Directions: Quote these lines exactly: the one that holds "Natural handmade bamboo" and every line after it to the end of the material below. Skip pictures.

Collected material:
__________
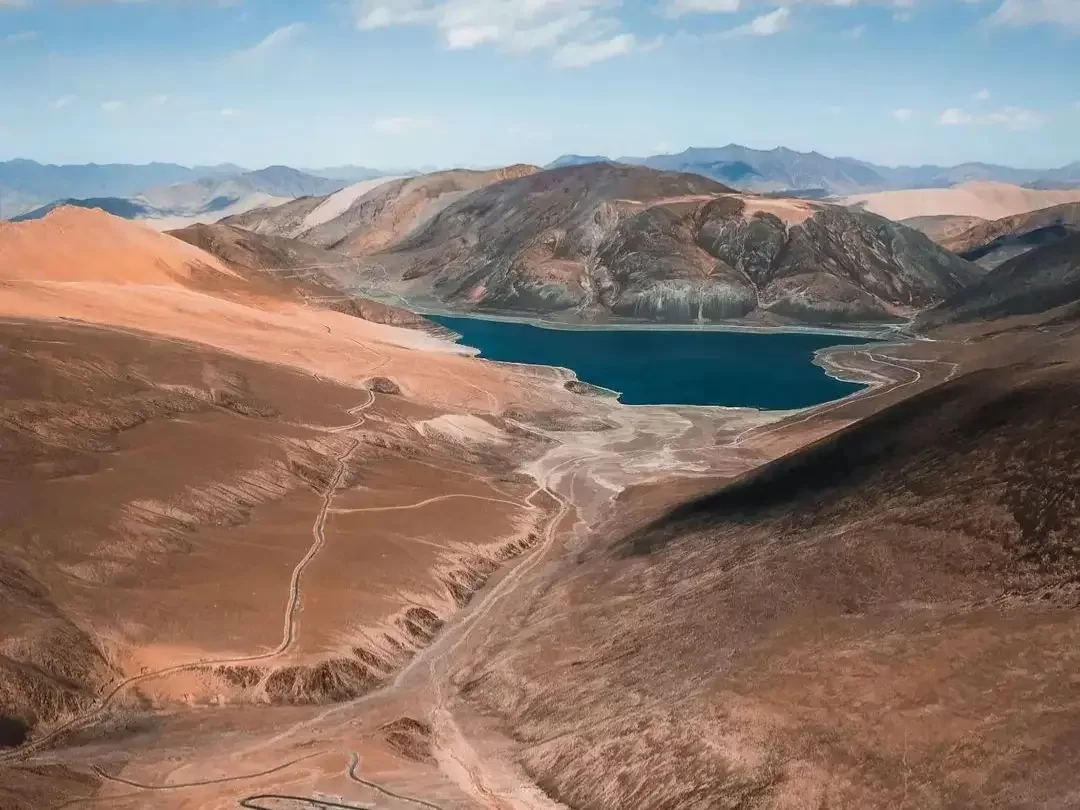 Stunning aerial drone view of turquoise Mirpal Tso Lake nestled amid barren rusty brown desert sand dunes rugged arid mountains in remote high-altitude Changthang Ladakh under clear blue skies, perfect India Leh Ladakh offbeat adventure tour package. 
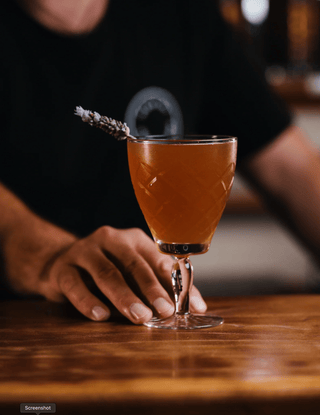 Jeremy passes a dusky orange cocktail garnished with lavender across the bar 
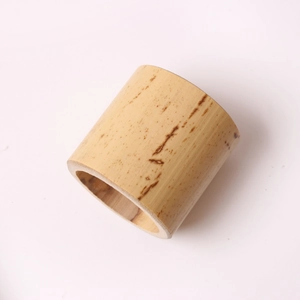 Natural handmade bamboo napkin ring with authentic texture on a clean white background
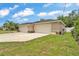 Spacious home with three-car garage featuring stone accents and a well-maintained lawn at 11447 Adelia St, Spring Hill, FL 34608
__________
Response box:
 Natural handmade bamboo napkin ring with authentic texture on a clean white background
 Spacious home with three-car garage featuring stone accents and a well-maintained lawn at 11447 Adelia St, Spring Hill, FL 34608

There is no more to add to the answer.